Provided data Start Marker

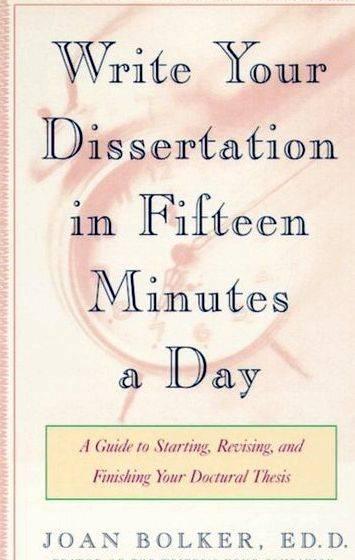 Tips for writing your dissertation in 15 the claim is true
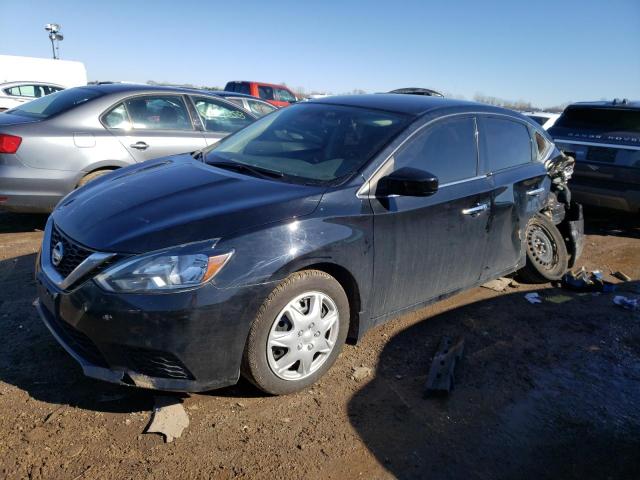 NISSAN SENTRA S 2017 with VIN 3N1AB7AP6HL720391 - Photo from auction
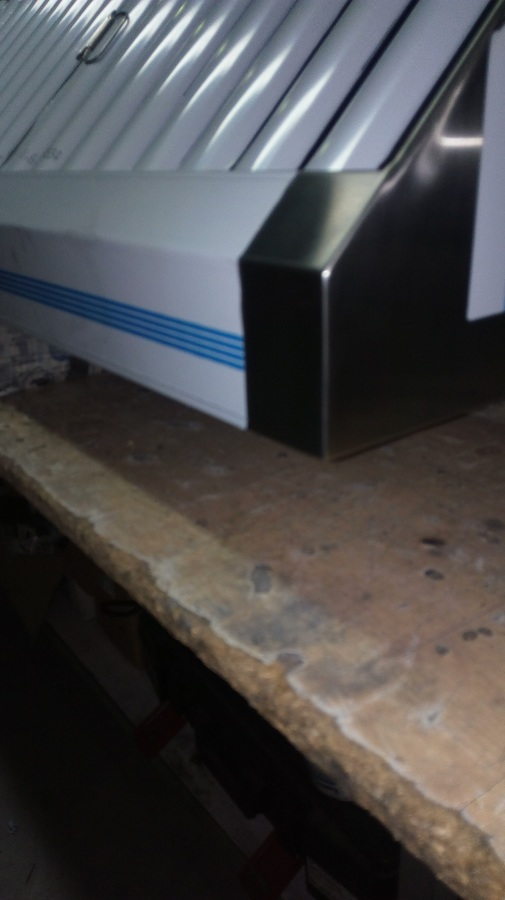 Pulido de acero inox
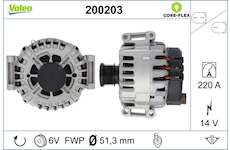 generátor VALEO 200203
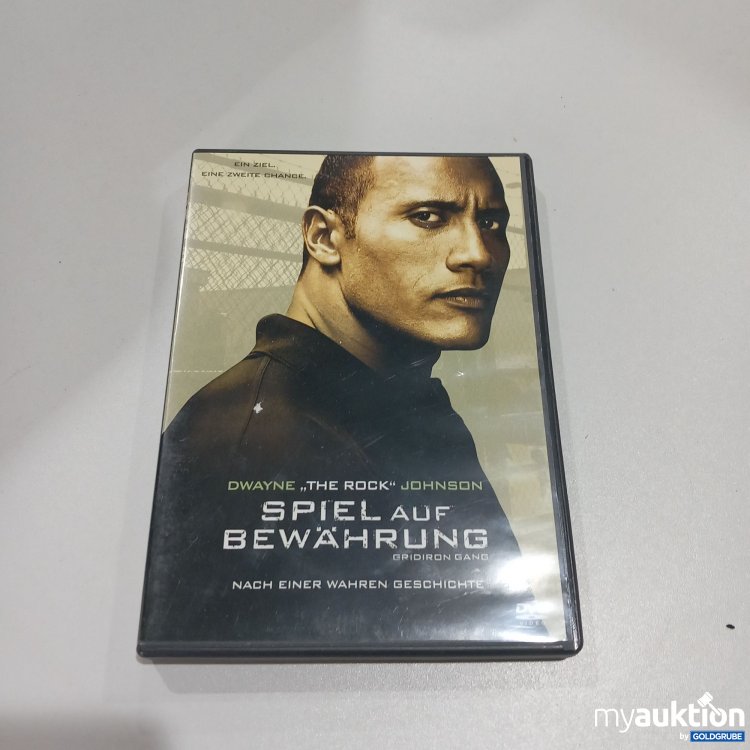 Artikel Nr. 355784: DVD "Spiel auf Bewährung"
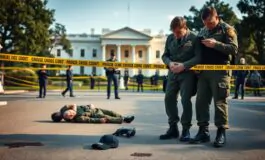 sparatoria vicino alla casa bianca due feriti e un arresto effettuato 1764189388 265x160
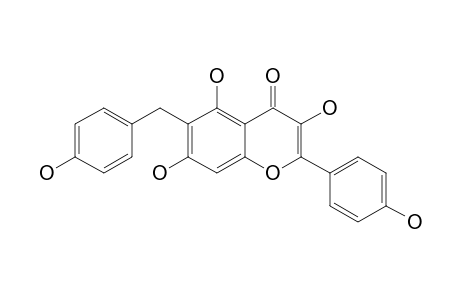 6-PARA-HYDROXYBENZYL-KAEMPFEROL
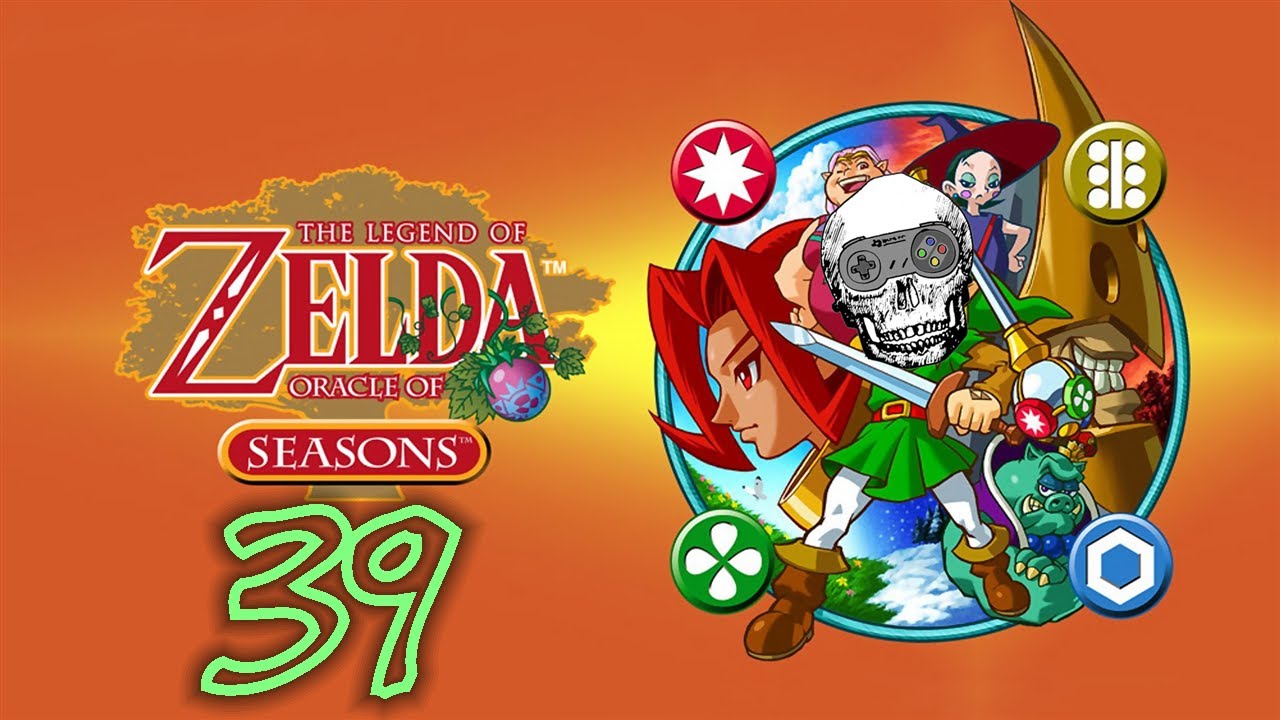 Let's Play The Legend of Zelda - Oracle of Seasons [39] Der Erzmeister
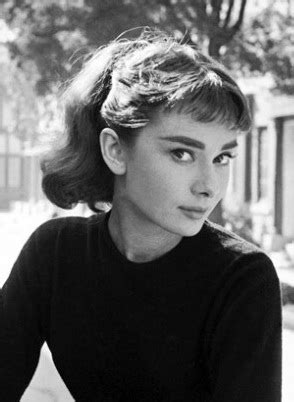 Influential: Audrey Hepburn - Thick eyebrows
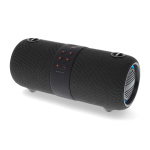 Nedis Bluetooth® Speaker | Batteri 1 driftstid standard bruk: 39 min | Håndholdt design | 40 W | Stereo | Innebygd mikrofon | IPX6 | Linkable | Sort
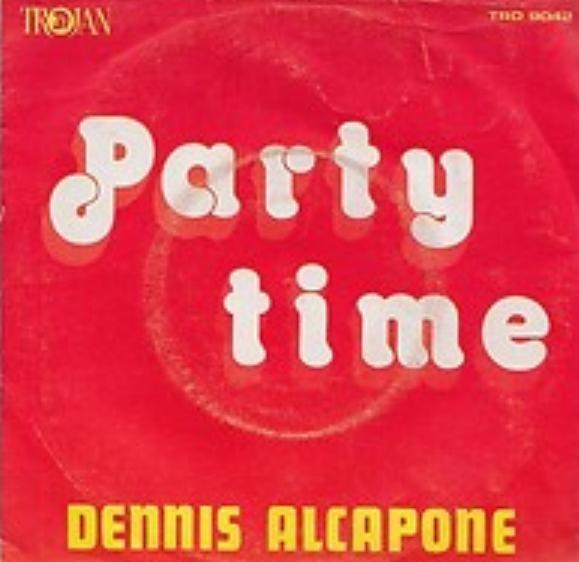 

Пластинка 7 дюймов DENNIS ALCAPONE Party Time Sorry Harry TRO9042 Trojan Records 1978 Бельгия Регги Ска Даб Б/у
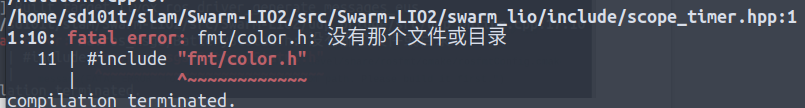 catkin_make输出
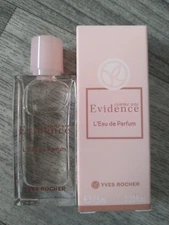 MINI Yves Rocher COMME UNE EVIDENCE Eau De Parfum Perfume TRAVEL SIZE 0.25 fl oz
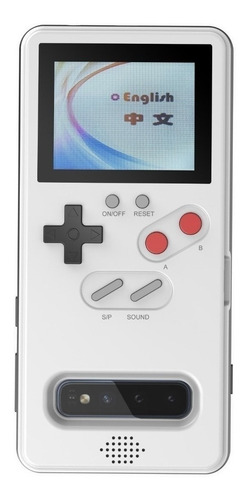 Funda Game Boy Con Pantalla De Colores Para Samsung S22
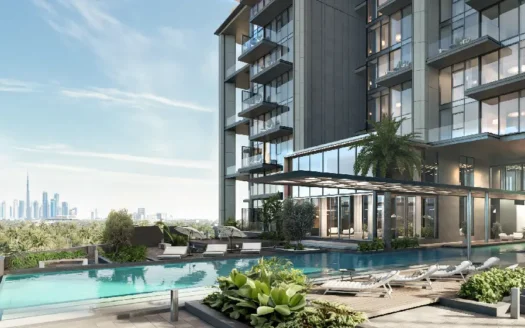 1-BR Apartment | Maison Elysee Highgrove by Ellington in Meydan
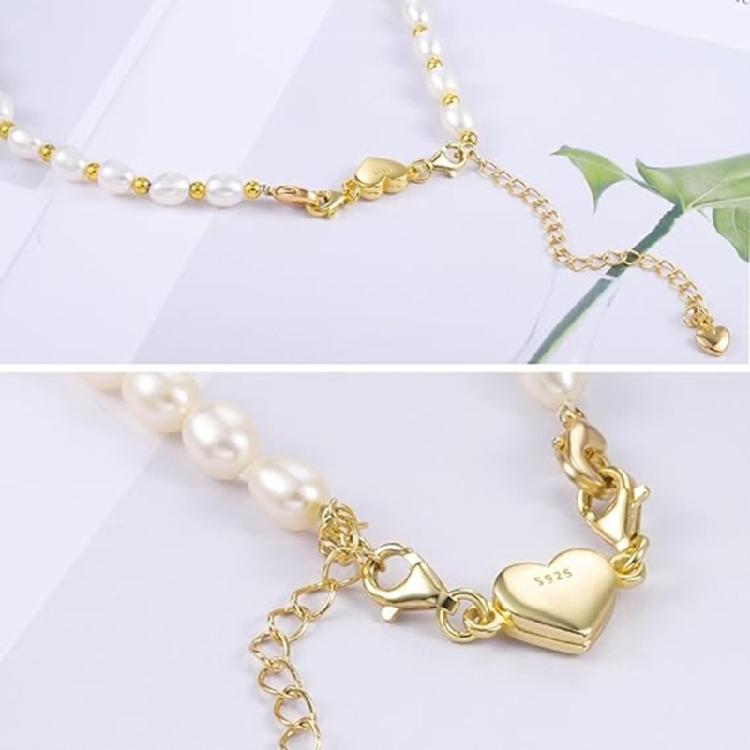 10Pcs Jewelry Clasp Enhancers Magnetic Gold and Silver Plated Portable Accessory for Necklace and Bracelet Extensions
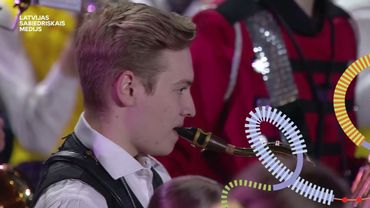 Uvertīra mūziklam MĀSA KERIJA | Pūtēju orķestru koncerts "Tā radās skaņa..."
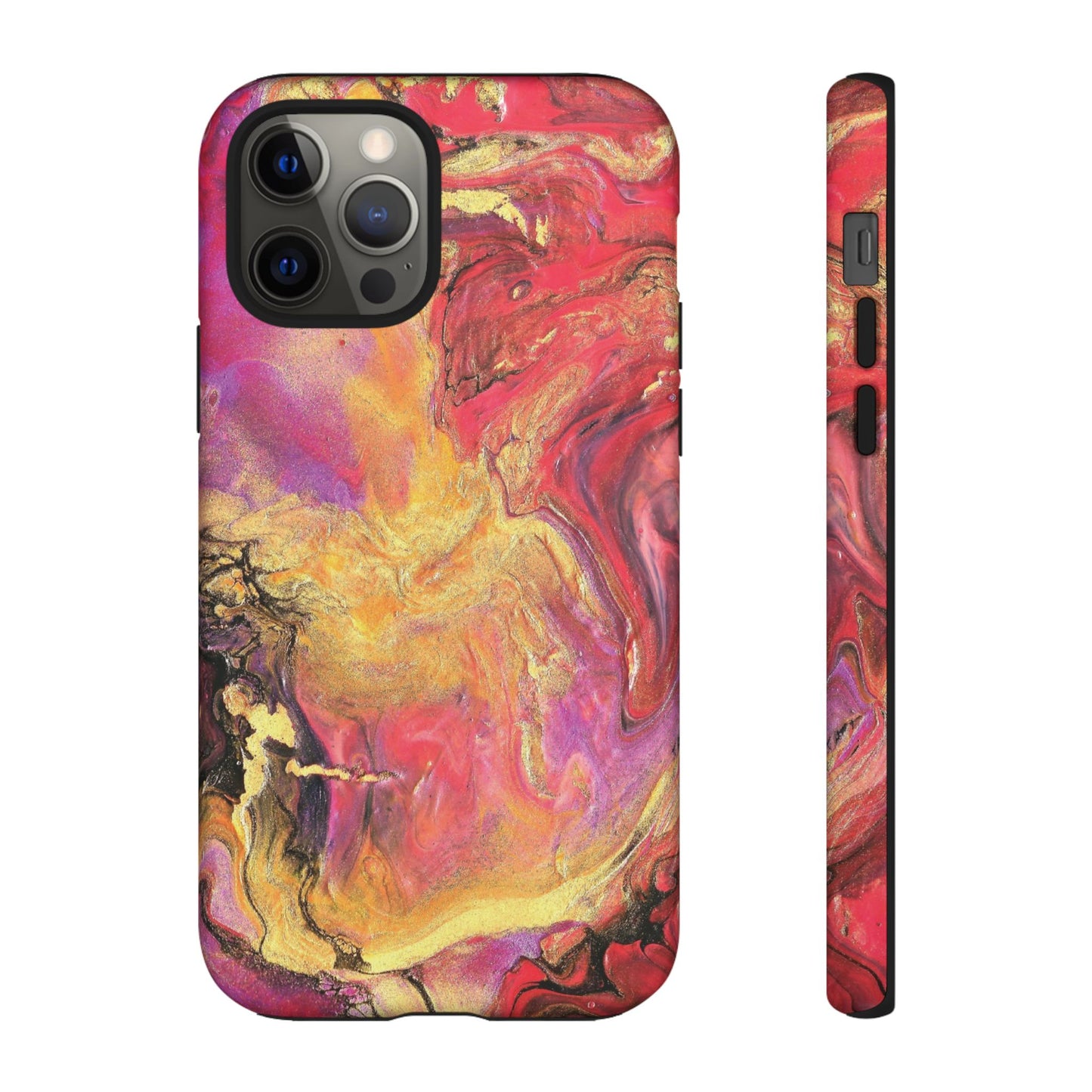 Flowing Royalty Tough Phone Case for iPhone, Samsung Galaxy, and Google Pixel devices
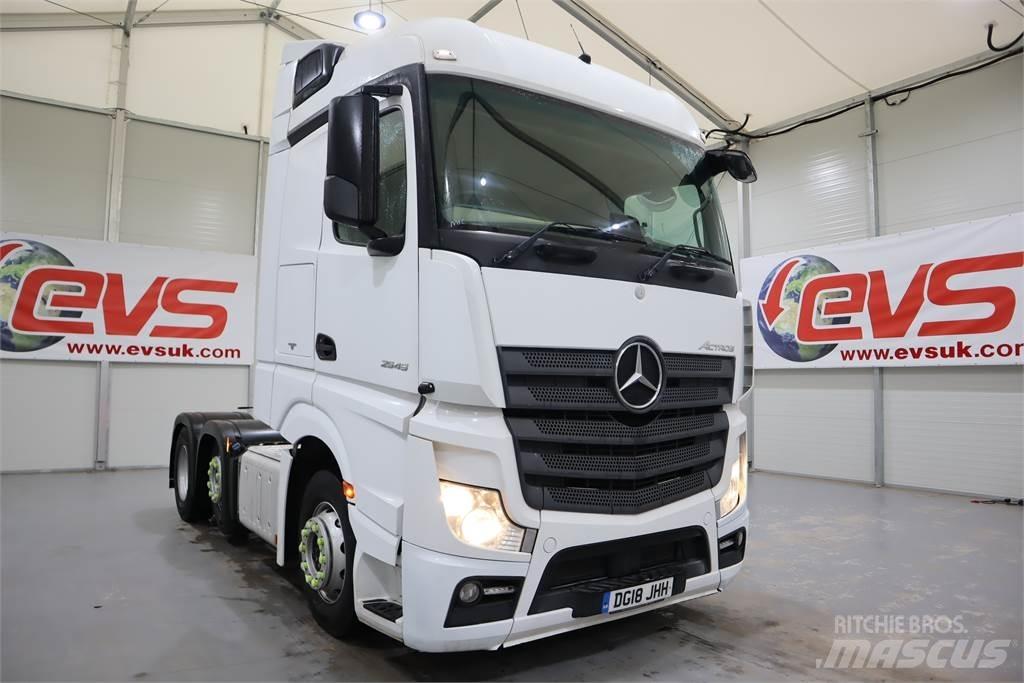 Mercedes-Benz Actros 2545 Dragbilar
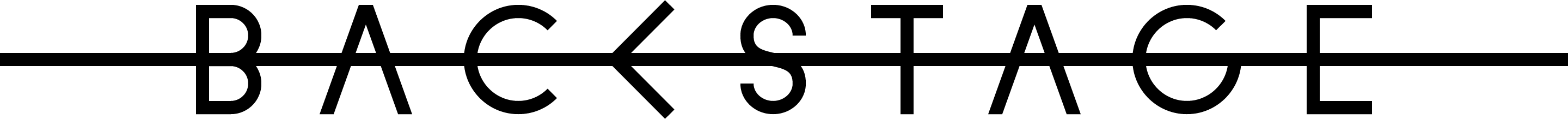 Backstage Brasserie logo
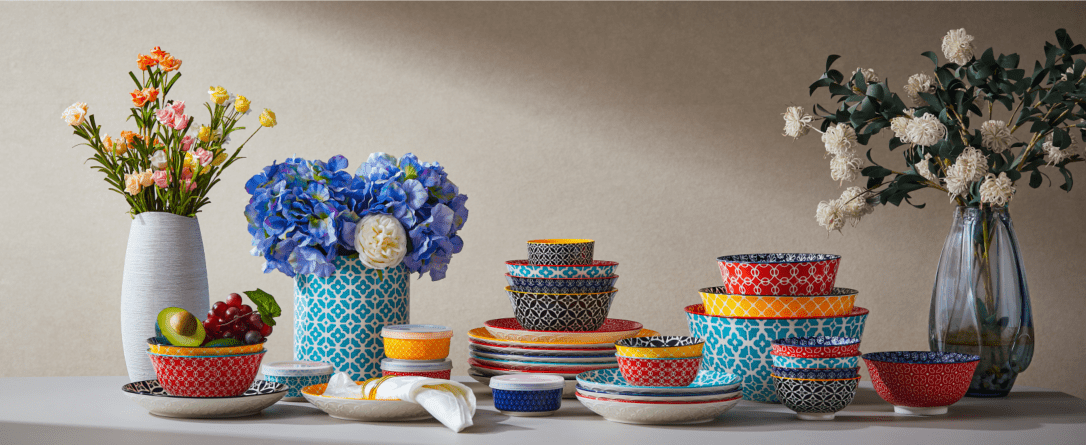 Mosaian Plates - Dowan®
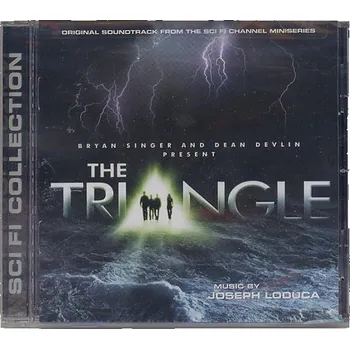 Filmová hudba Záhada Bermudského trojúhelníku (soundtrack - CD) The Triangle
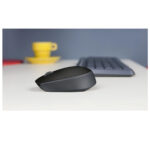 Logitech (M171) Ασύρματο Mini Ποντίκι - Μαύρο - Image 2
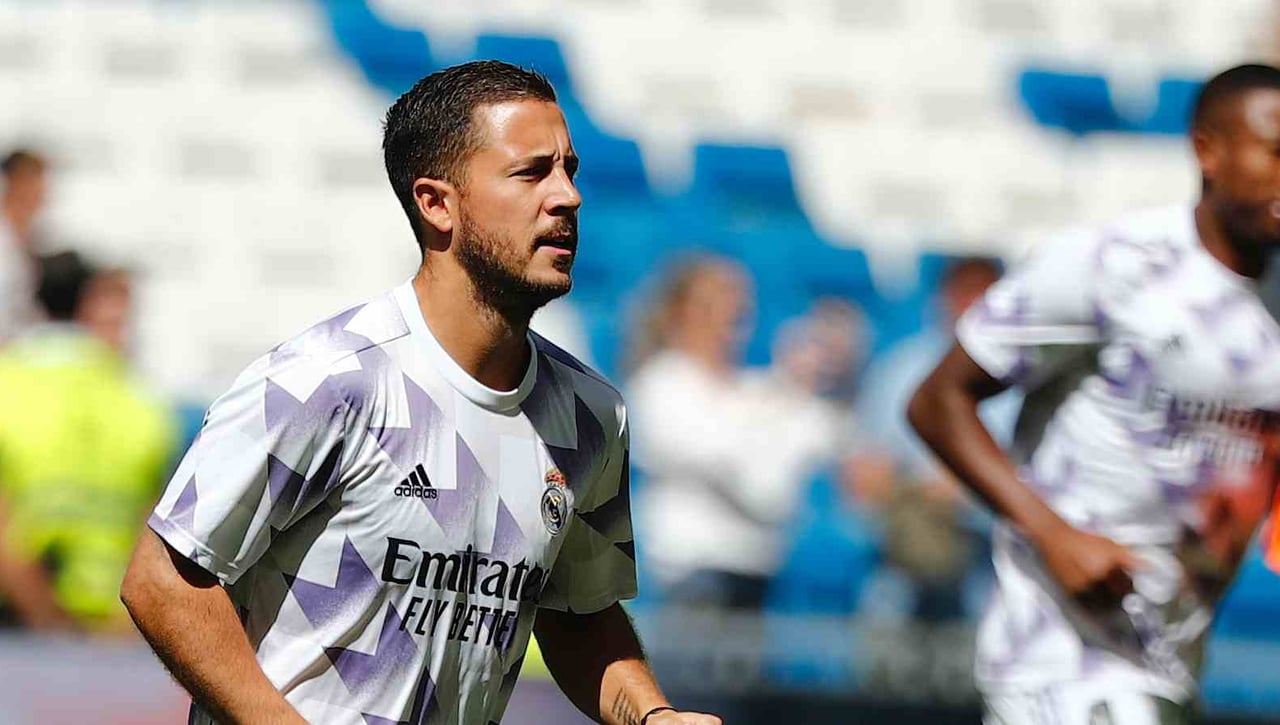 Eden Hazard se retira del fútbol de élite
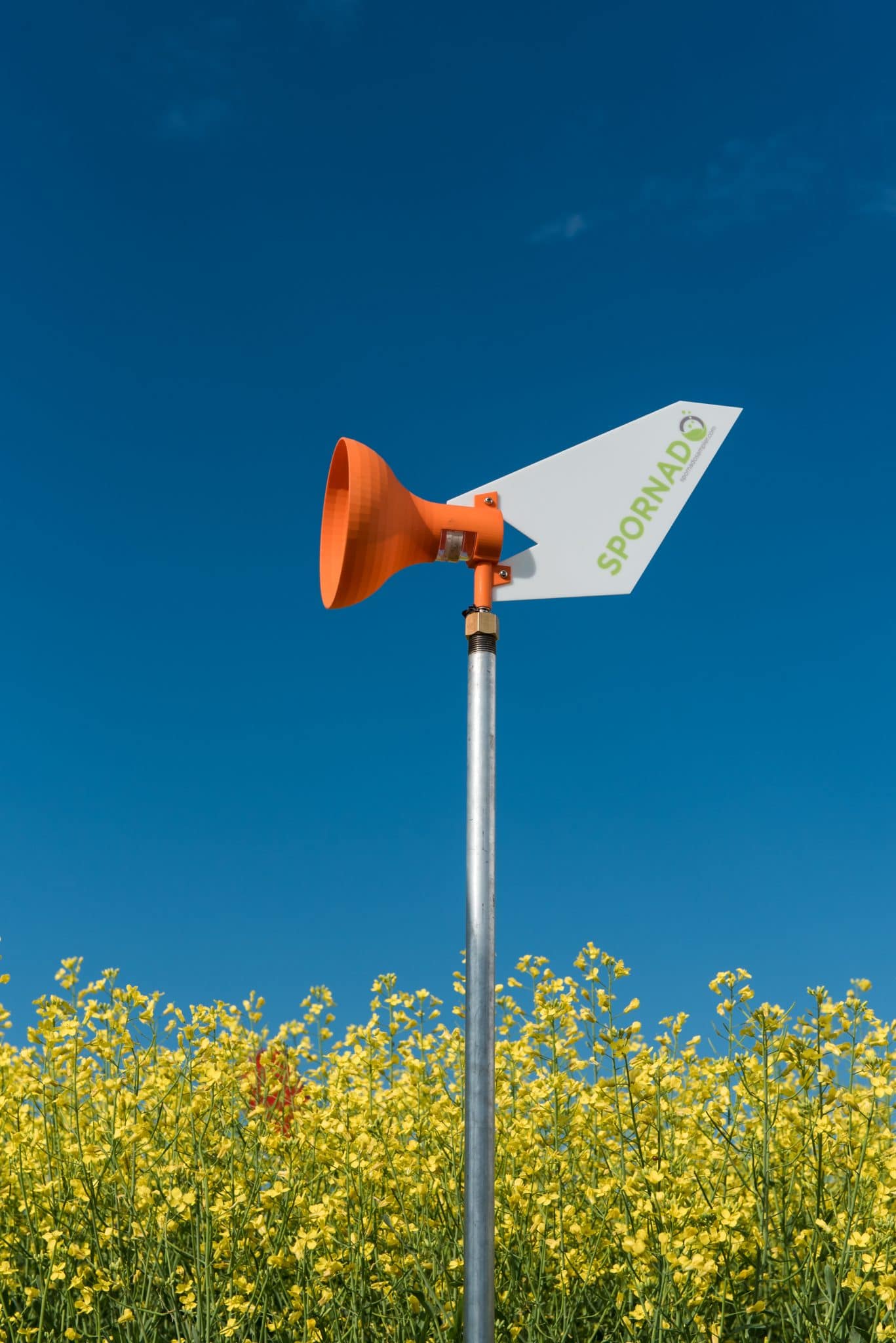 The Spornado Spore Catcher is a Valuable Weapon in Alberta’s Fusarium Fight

Provided data End Marker

*Exercise:* Only the lines starting at the one with "Influential: Audrey Hepburn" and ending at the one with "Uvertīra mūziklam MĀSA" should be printed, each exactly as it appears in the material above; the pictures are to be omitted.

*Exercise solution:*
 Influential: Audrey Hepburn - Thick eyebrows
 Nedis Bluetooth® Speaker | Batteri 1 driftstid standard bruk: 39 min | Håndholdt design | 40 W | Stereo | Innebygd mikrofon | IPX6 | Linkable | Sort

Пластинка 7 дюймов DENNIS ALCAPONE Party Time Sorry Harry TRO9042 Trojan Records 1978 Бельгия Регги Ска Даб Б/у
 catkin_make输出
 MINI Yves Rocher COMME UNE EVIDENCE Eau De Parfum Perfume TRAVEL SIZE 0.25 fl oz
 Funda Game Boy Con Pantalla De Colores Para Samsung S22
 1-BR Apartment | Maison Elysee Highgrove by Ellington in Meydan
 10Pcs Jewelry Clasp Enhancers Magnetic Gold and Silver Plated Portable Accessory for Necklace and Bracelet Extensions
 Uvertīra mūziklam MĀSA KERIJA | Pūtēju orķestru koncerts "Tā radās skaņa..."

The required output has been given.